Is your favourite book in there? How many have you read? Let us know!

43 Comments

    Quinton Jardine writes amazing books. Mo Hayder is absolutely awesome too.

    Tana French should be on here. Complex characters, exciting plots and beautifully written

    Barbara Nadel, Kate Ellis, Aline Templeton, Christopher Fowler,
    P. D. James, though Allingham is still re-readable.

    Someone suggested L J Ross – really, seriously? I made the mistake of reading one, utterly dreadful, makes the average Mills & Boon look like Shakespeare. I can’t think of a worse written book or one with so many clichés or such a ludicrous ‘plot’.

    I loved reading through everyone’s comments – made my list of things to read even longer!!

    Good list but no Stuart MacBride and m j Aldridge , they are great reads .
    Will try go through this list though .

    No Donna Leon? Her Commissario Brunetti is the best.

    Henning Mankel , my favorite and I have read everything he wrote. I cannot fibd an author to match his writing. John Silva is my second favorite and surprused he is not listed nor is Jo Nesbo.

    I don’t see any LJ Ross books on this list. Her DCI Ryan series are an addictive read.

    yes i agree the best crime book for me was..steamboat Barry on amazon

    Great list I have read all available Elly Griffiths I like Charles Todd and all so Diana Gabaldon and all sorts of other books. I look forward to some recommendations.

    I would agree. I have read it 3 times and bought it for all of my friends!

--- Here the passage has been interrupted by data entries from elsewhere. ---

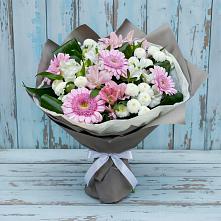 Букет цветов из:  Герберы, Альстромерии и Хризантемы #REPLACE_PRED# Ульянино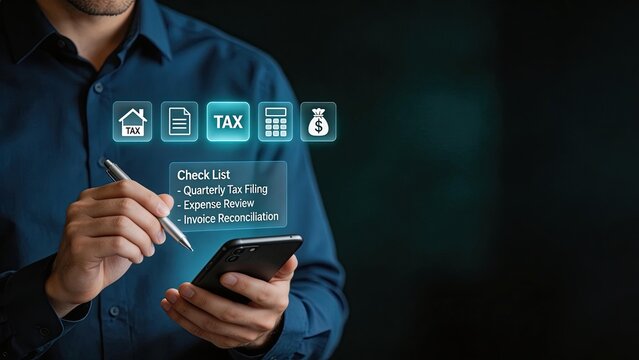 Businessman Using Smartphone With Tax Icons And Check List Managing Quarterly Filing Expense Review Invoice Reconciliation Financial Planning Digital Accounting Budget Control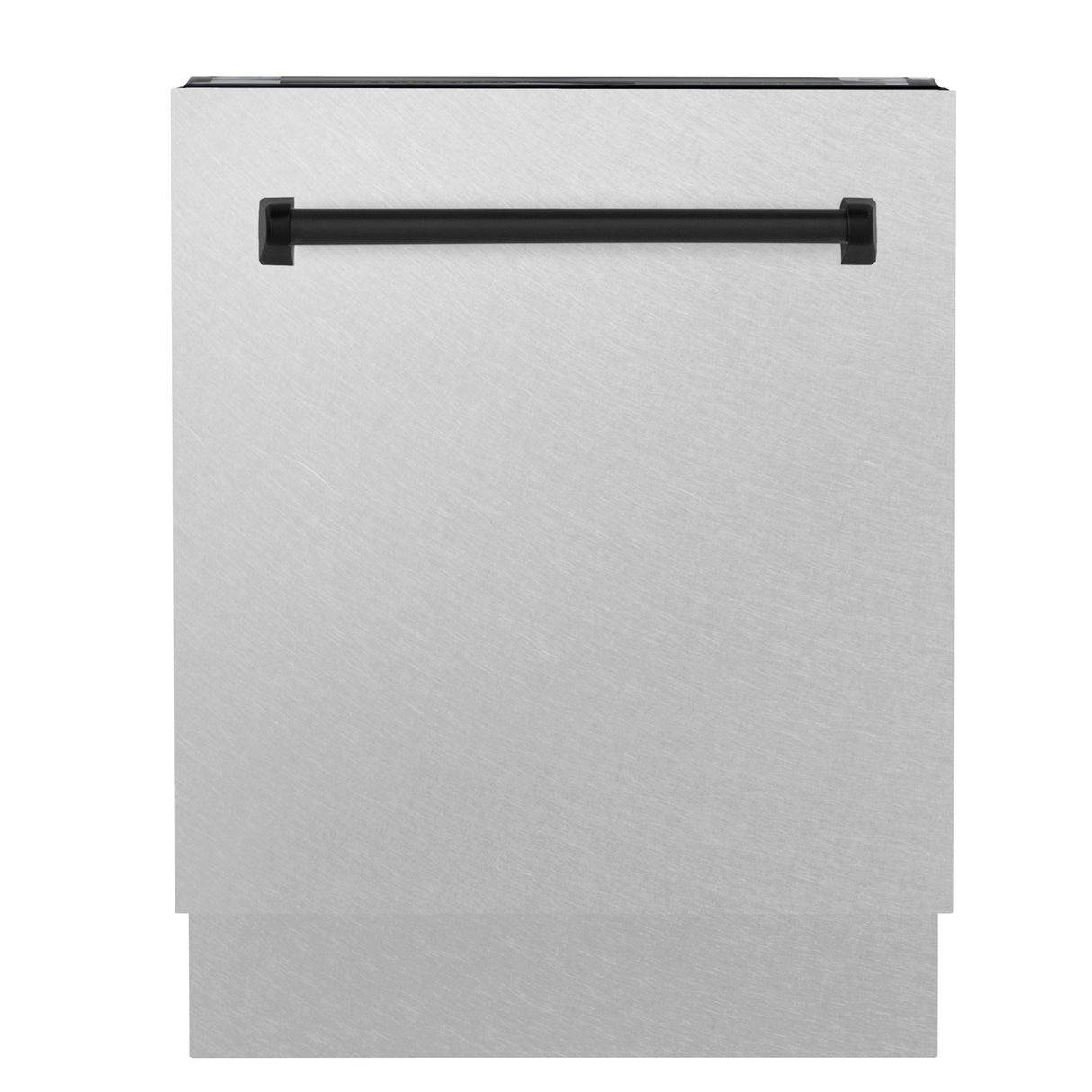 ZLINE Autograph Edition 24 in. Tallac Series 3rd Rack Top Control Built-In Tall Tub Dishwasher with Satin Stainless Steel Panel and Matte Black Handle, 51dBa (DWVZ-SN-24-MB)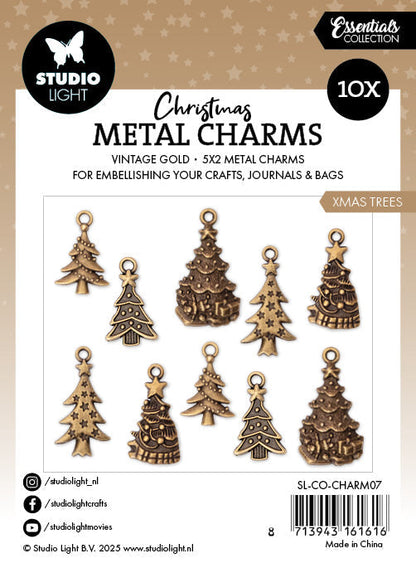 Breloques en métal SL Arbres de Noël Essentiels 10 pièces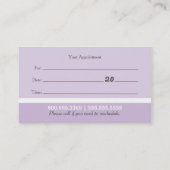 モバイルペットトリマーシーズー（犬）ツーパープルアポイントメント 予約カード (裏面)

    Has anyone heard of Rachel Caine who wrote Stillhouse Lake? It’s quite gripping.

    Great list.
    Includes my favourites Indridason (no. 1) , Ferraris, Bilal, John Hart, I loved all Gillian Flynn except “Gone Girl”, & Jussi Adler-Olsen.
    I would include Michael Robotham, John Verdon, Jo Nesbo, Michelle Rowe, Hjorth Rosenfeldt, Karin Slaughter, Ragnar Jonasson and Maurizio De Giovanni.

    No Ian .Rankin! Can’t believe it. Looks like some good ones though.

    Look at a new author on Amazon Kindle Frank Kaye. It’s perhaps not the best ever written book but the plot and the detail is a gripping read.

    I tend to stick to certain authors, but this list wll encourage me to try others.
    MJ Arlidge and Michael Robotham are my favourites, always reliable.

    Only read 5 but now can look out for others.unfortunately here in Zimbabwe we are limited to the quantity and choice which is imported.
    I live in a retirement village and “I AM PILGRIM” was sent to me by my daughter in Singapore.

    I am Pilgrim is one of the best book I have ever read. Period.

    I have been reading Hidden Casino a Ryan James Casino crime thriller gripping read on amazon kindle

    Where is Mr Mercedes for God’s sake?! That should surely be on the list!

    Hi Fionn! Mr Mercedes was published after this list was created – but we love it too!

    Jo Nesbo. I have read many but the king of crime is Nesbo with Harry Hole series. Never dull!!

    I can’t believe not one of Ian Rankin’s books are included in this list. Has nobody even read him? What about the Inspector Rutledge novels? Can’t remember author right now, but to me, these 2 are the best of the best. But I am going to start taking your list into consideration – maybe I will prove myself wrong.

    No Agatha Christie! This must be a biased list based on snob values.. Also, what about the two Peters, James and Robinson; Val McDermid. I could go on and on. Very disappointing to someone who has read thousands on crime novels in my 70 years.

    Hi Mike,

    These books are just from the past five years so unfortunately Agatha Christie couldn’t qualify. When we do a top 50 crime novels of all time, I’m sure she’d feature very heavily. Can’t say why the others weren’t included – the list was created by The Sunday Times.

    Thank you

    i can’t find NicciFrench can you tell me way?
    dick Olsthoorn
    utrecht, The Netherlands

    Great list. I’ve read some. Can’t wait to read the others.